В те годы их только так и называли. Это уже потом их вежливее стали именовать «символистами».
Центральное их ядро, «старшие символисты», были на «полпоколения» старше меня.
Младшие были мои ровесники. С Андреем Белым («в миру» — Боря Бугаев, сын нашего физико-математического декана) я вместе учился в университете. Но как раз его я меньше других знал. Ближе и лучше всех я знал Ю. Балтрушайтиса, с которым был даже на «ты», что со мною вообще редко бывало, и Вячеслава Иванова. Потом в порядке близости следовали Бальмонт, Брюсов, Блок и Белый. Фигуры всех их для меня неотделимы от личности Сергея Александровича Полякова, их объединителя (что было далеко не легкой задачей) и издателя. Сами символисты в своих писаниях никогда его не поминали [081], а между тем ему очень многим обязаны. Ведь на его деньги издавался и руководящий орган «символистов» — «Весы» и на его средства существовало и издательство «Скорпион», где все они публиковались. Даже названия «Скорпион» и «Весы» были придуманы Поляковым. Он был преоригинальнейшей фигурой.
Крупный текстильщик, один из трех братьев — совладельцев одной из крупнейших подмосковных мануфактур [082], он был наделен самобытным, не трафаретным умом.

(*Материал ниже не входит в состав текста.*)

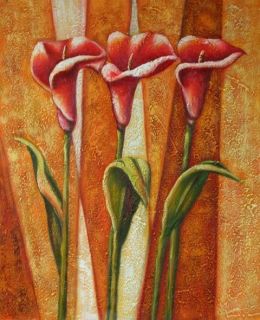 Oil Painting Hand Painted Canvas Art Red Lily Trilogy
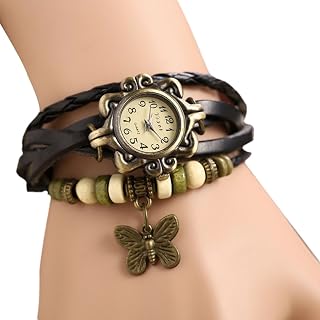 Qtqgoitem Lady Retro Style PU Leather Weave Band Quartz Wrist Watch Coffee Color (Model: d14 740 125 4bd a4c)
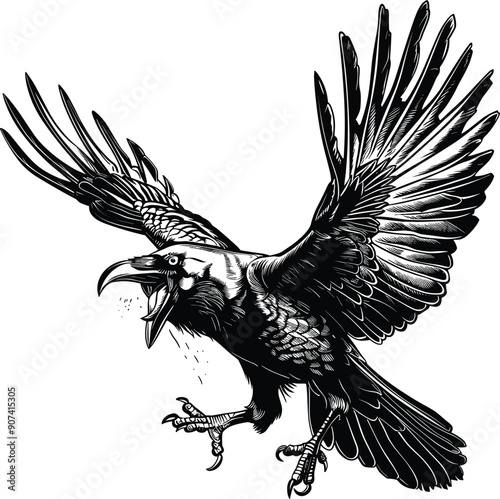 Aggressive Raven SVG, Crow Black Vector Illustration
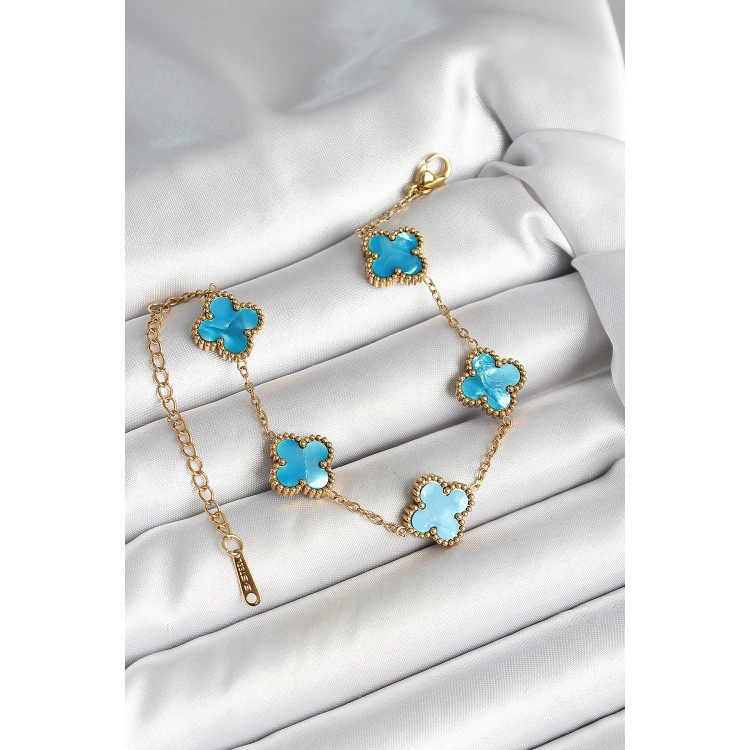 316L Çelik Sedefli Gökyüzü Mavisi Gold Renk Yonca Kadın Bileklik - TJ-BB6967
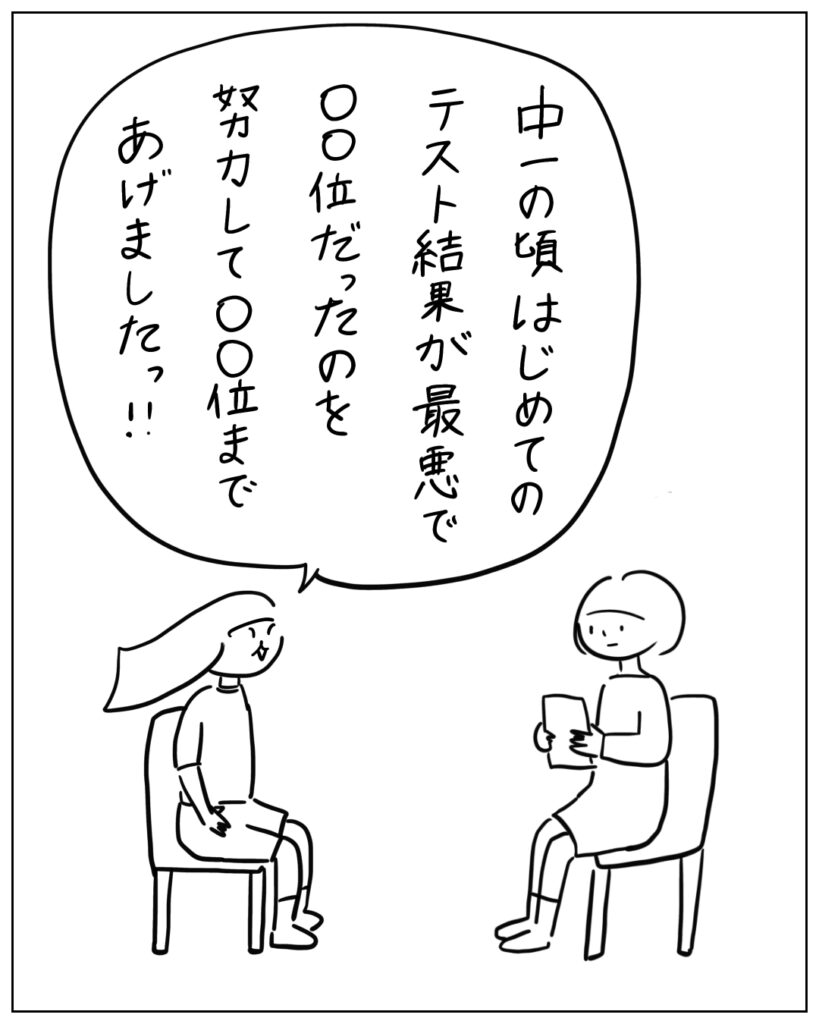 中一の頃はじめてのテスト結果が最悪で○○位だったのを努力して○○位まであげましたっ！！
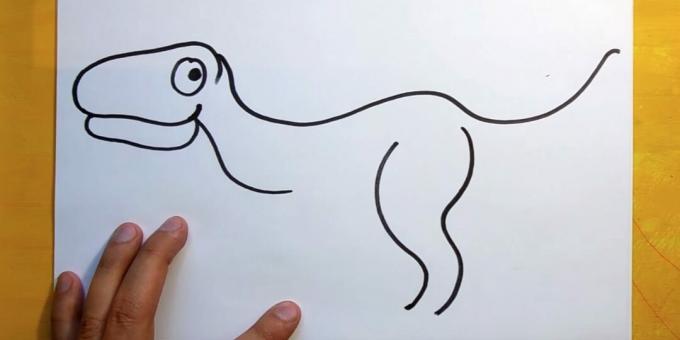 Hoe een dinosaurus te tekenen: teken de omtrek van een poot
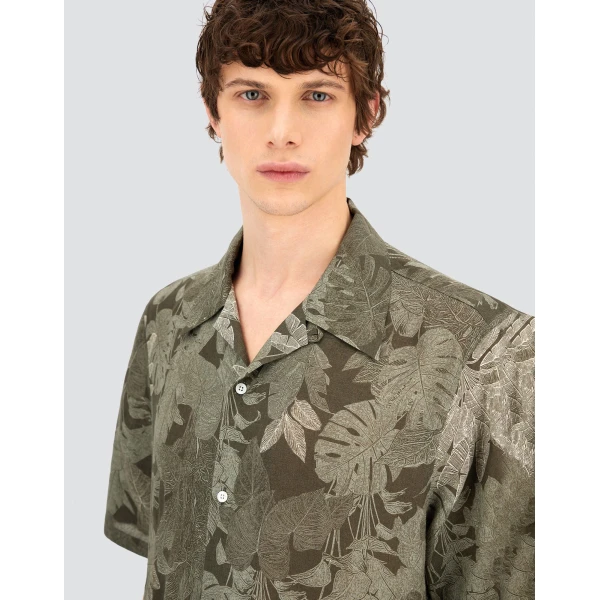 Herno Military and Sage Resort Shirt in Linen with Tropical Print | Men's Shirts | Luxury Shoes 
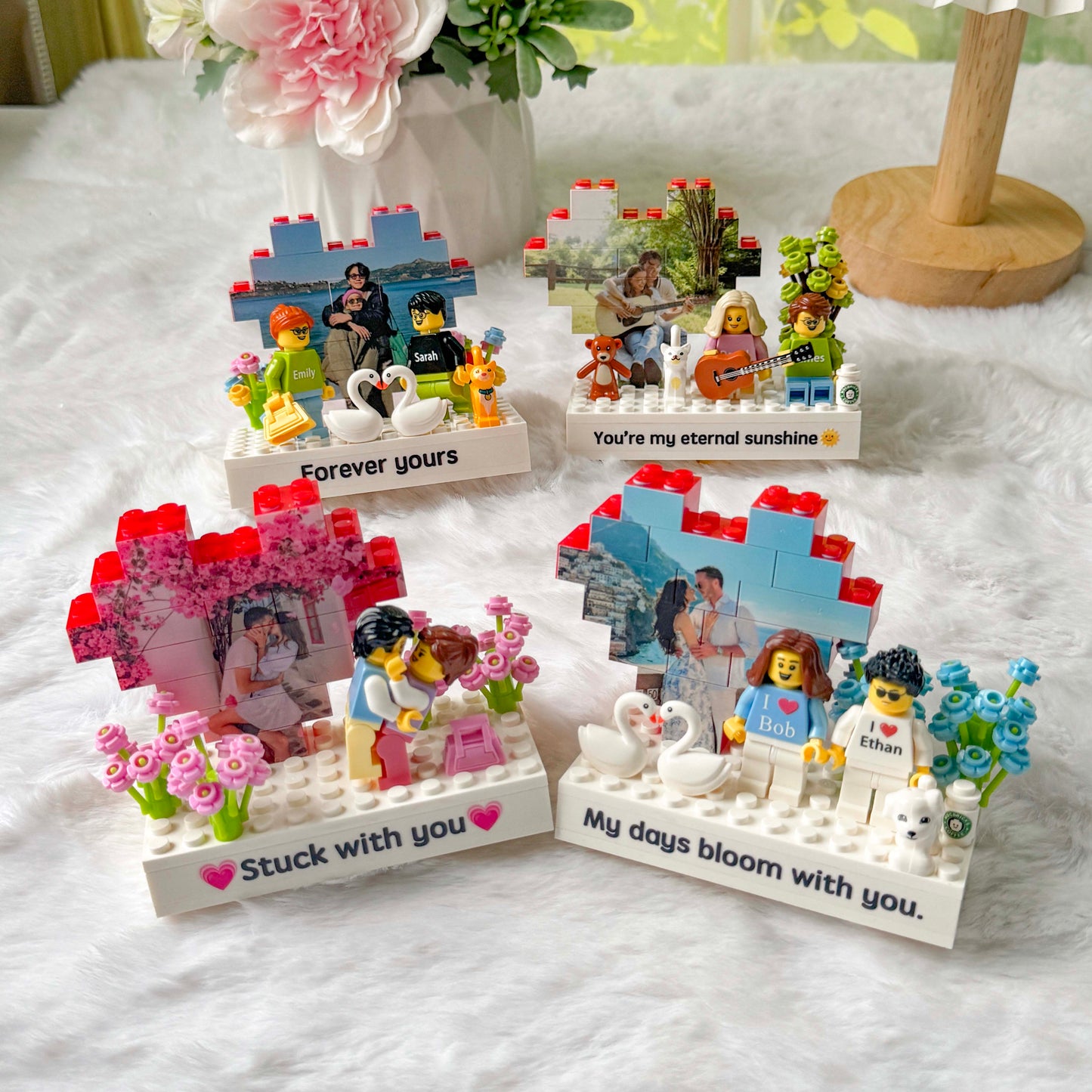 Custom Couple Brick Figures Gift Set with Heart Background
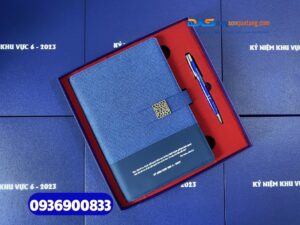 Set quà tặng Công Ty ( Sổ tay gập 2 + Bút kim loại )-SQX 007 - In logo làm quà tặng dành cho Nhân Viên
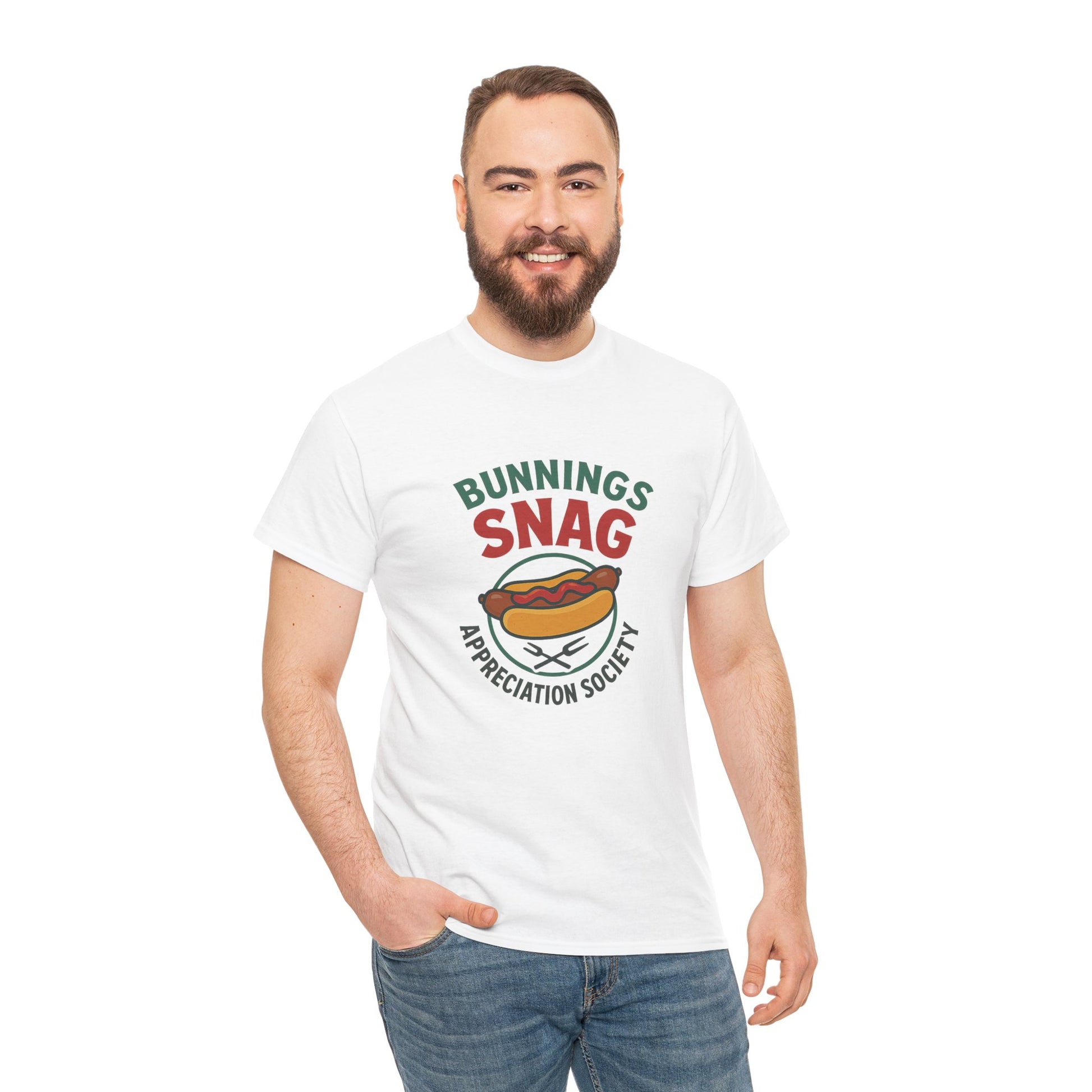 Novelty t-shirt celebrating iconic Bunnings snags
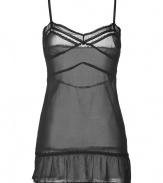 Seductive camisole dress in fine, black stretch silk - From acclaimed lingerie desinger Kiki de Montparnasse - Elegant sheer material with decorative accent stitching - Thin spaghetti straps - Sweet ruffled hem - Loose dress is also body-hugging - Sophisticated and sexy at the same time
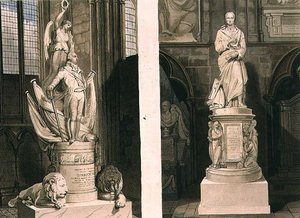 Denkmäler für Kapitän Montague im West-Eingang und für Addison in der Poet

Его звали «декадентский батька» — в те времена среди русской крупной буржуазии была мода на самые «крайне левые» течения в искусстве. Старообразный даже в молодости, сутулый, с наружностью не то Сократа, не то Достоевского — он был математиком по образованию, энциклопедистом по знаниям, владел пятнадцатью языками (в том числе норвежским, турецким, персидским, арабским и древнееврейским).